_Listed records:_
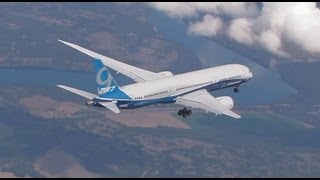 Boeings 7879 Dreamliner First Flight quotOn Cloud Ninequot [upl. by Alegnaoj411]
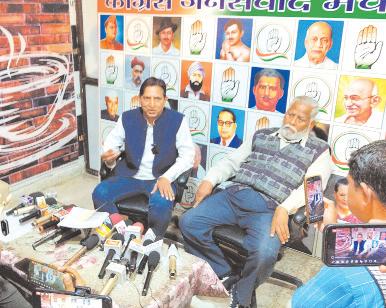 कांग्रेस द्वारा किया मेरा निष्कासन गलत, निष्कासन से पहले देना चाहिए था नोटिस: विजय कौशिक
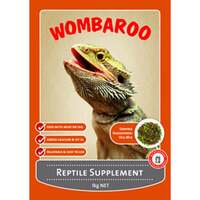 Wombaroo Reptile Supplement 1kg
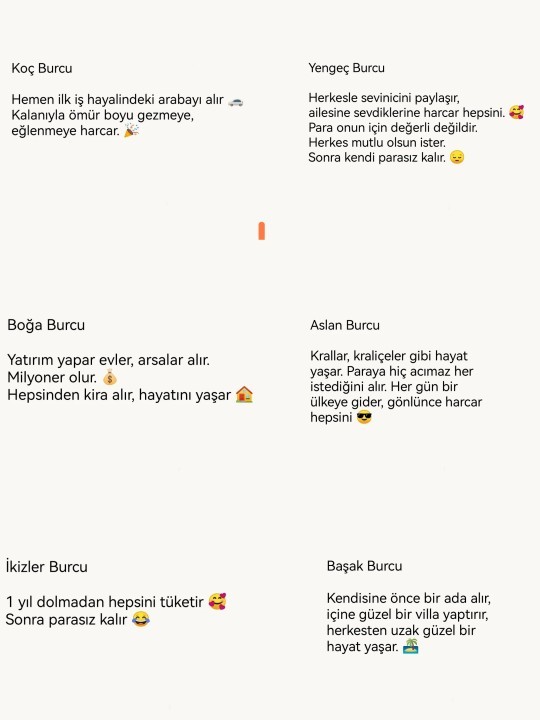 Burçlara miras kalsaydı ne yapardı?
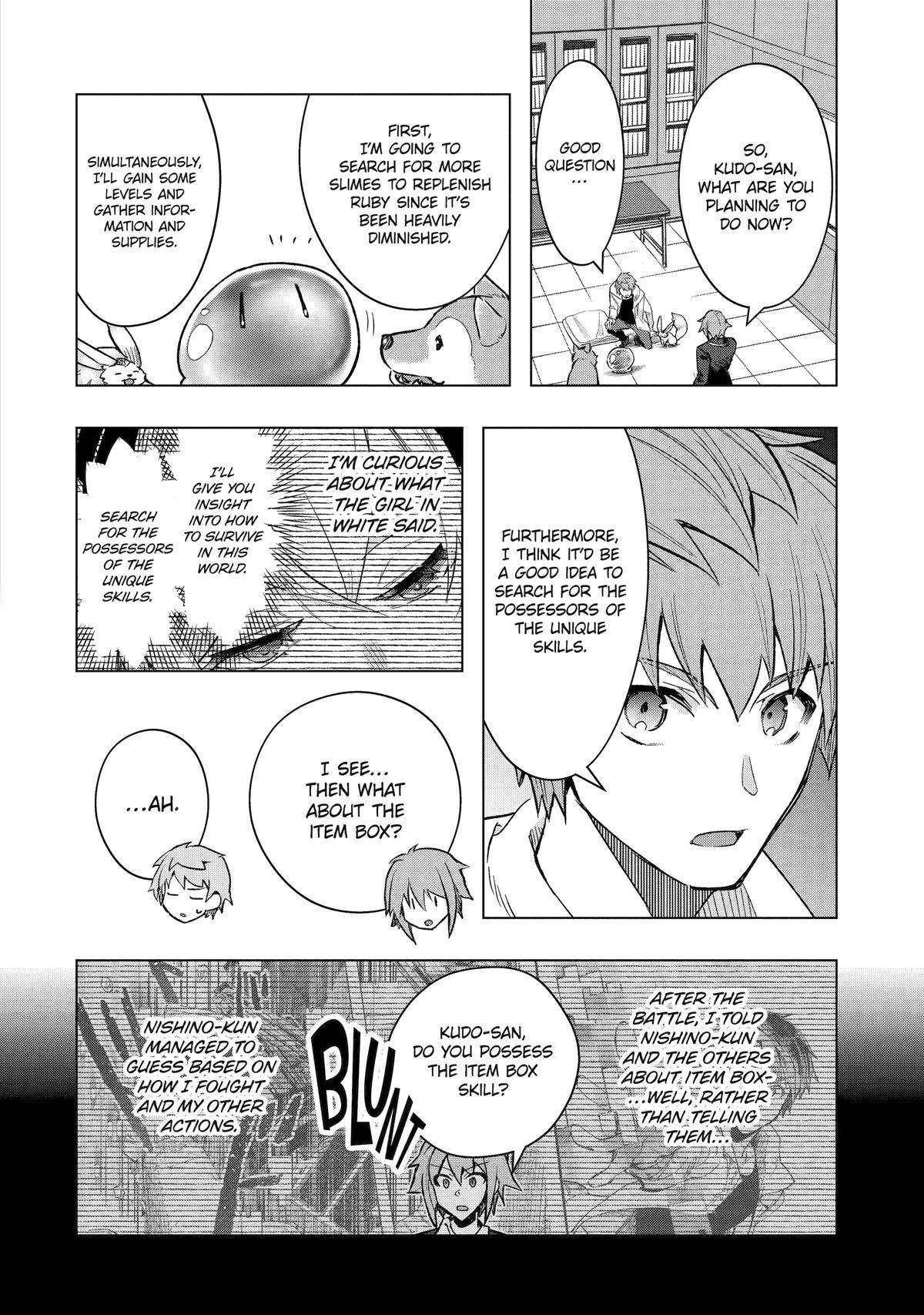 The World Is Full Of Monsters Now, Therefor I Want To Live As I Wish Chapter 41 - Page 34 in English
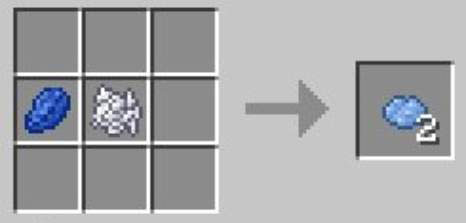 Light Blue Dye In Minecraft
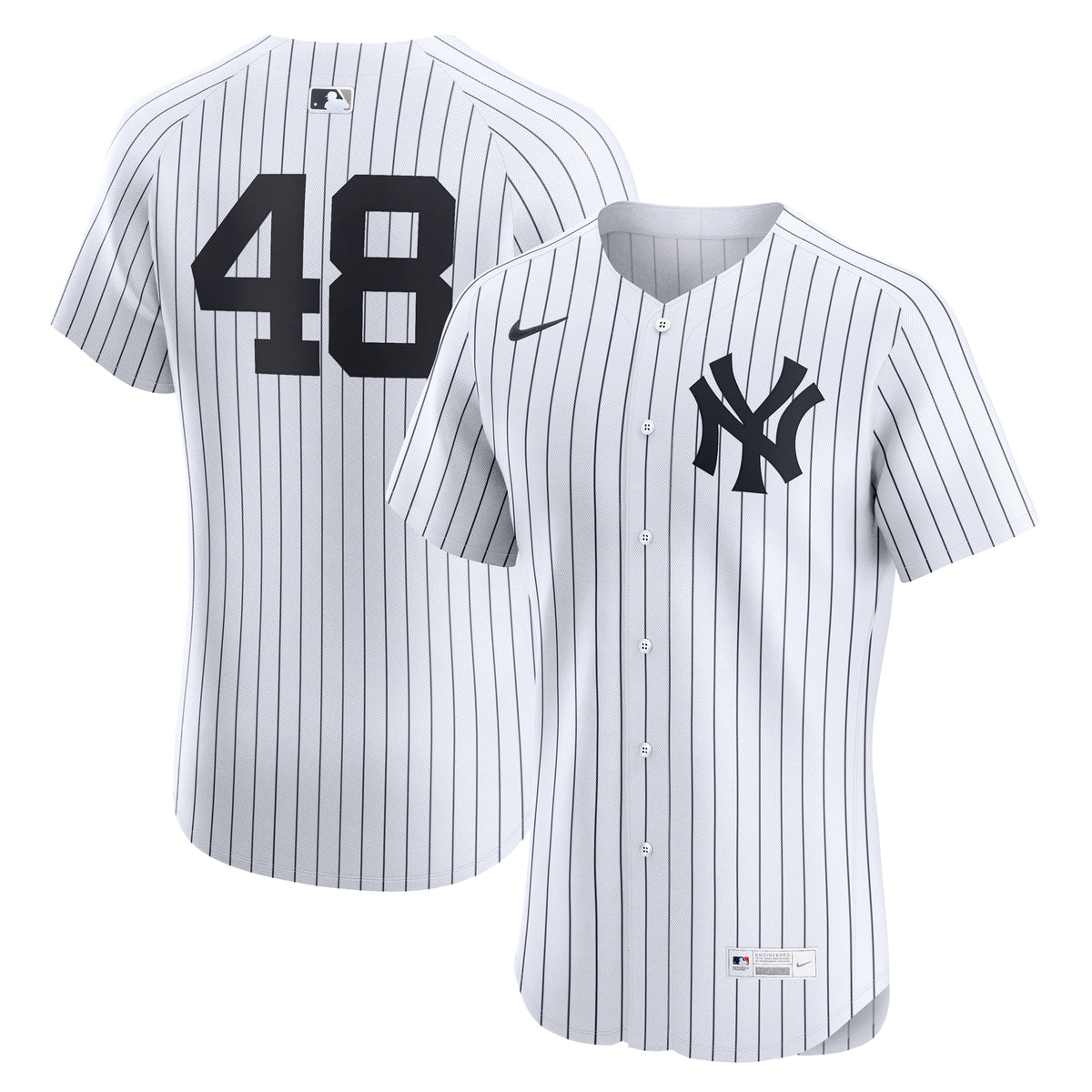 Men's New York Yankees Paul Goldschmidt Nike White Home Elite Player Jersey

==

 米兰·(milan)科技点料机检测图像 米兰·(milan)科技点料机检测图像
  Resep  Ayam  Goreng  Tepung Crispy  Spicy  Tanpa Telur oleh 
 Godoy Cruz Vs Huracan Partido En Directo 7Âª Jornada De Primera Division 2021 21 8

---

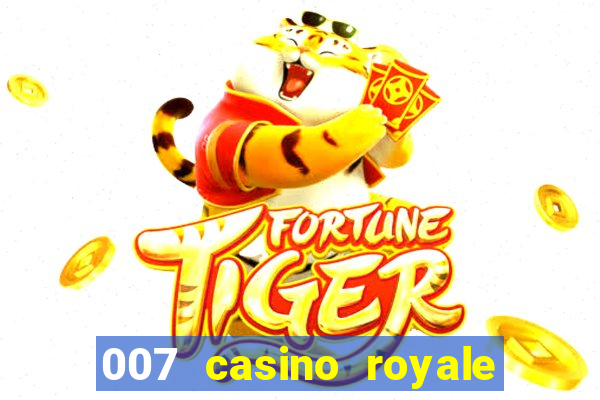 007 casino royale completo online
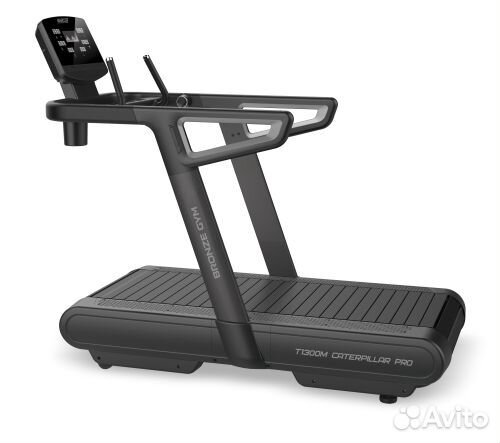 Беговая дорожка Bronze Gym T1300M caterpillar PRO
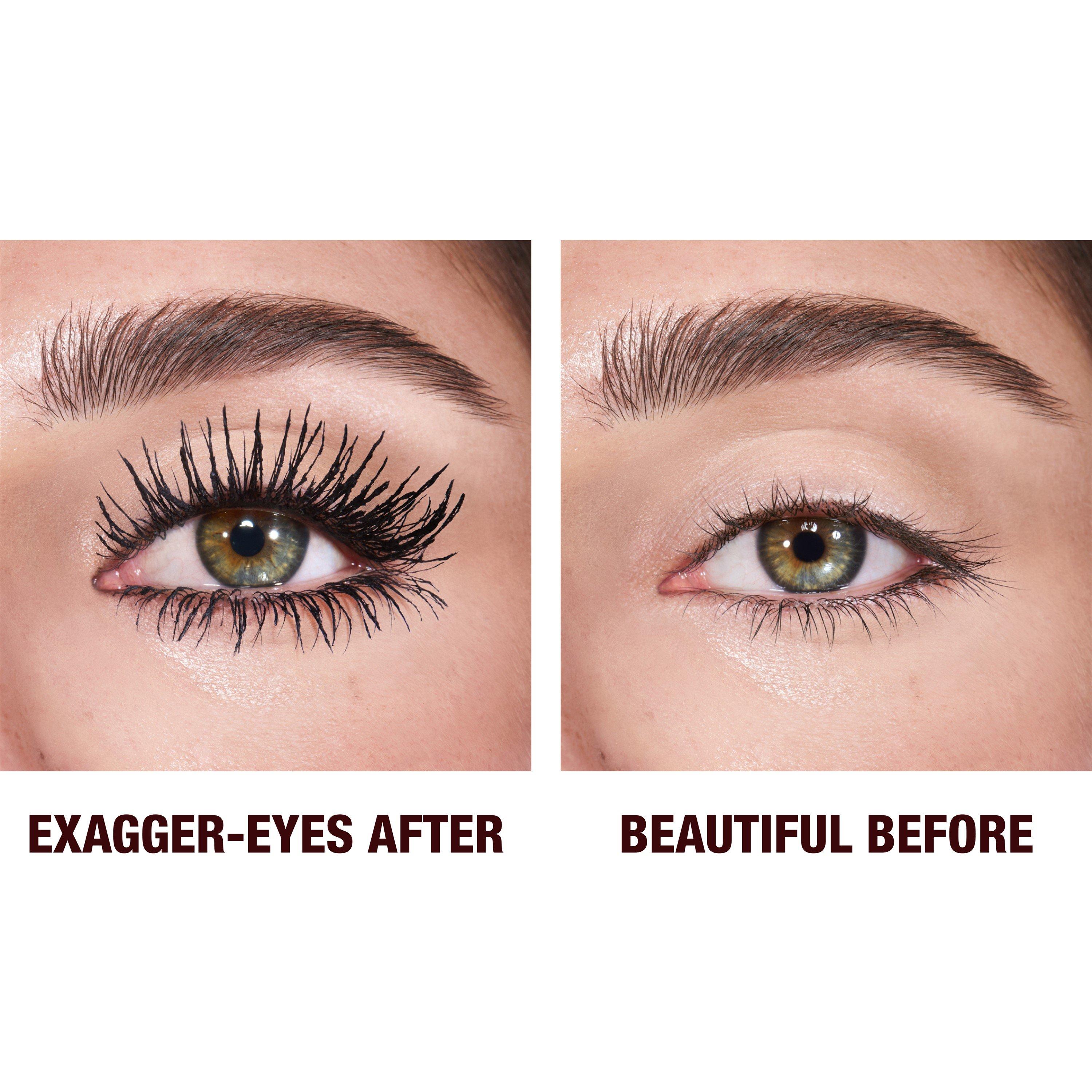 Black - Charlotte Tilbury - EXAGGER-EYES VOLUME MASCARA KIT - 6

_Prompt:_ A word-for-word reproduction is needed of the lines above from the line containing "Boeings 7879 Dreamliner" through the line containing "Men's New York", with both ends kept and no pictures.

_Task result:_
 Boeings 7879 Dreamliner First Flight quotOn Cloud Ninequot [upl. by Alegnaoj411]
 कांग्रेस द्वारा किया मेरा निष्कासन गलत, निष्कासन से पहले देना चाहिए था नोटिस: विजय कौशिक
 Wombaroo Reptile Supplement 1kg
 Burçlara miras kalsaydı ne yapardı?
 The World Is Full Of Monsters Now, Therefor I Want To Live As I Wish Chapter 41 - Page 34 in English
 Light Blue Dye In Minecraft
 Men's New York Yankees Paul Goldschmidt Nike White Home Elite Player Jersey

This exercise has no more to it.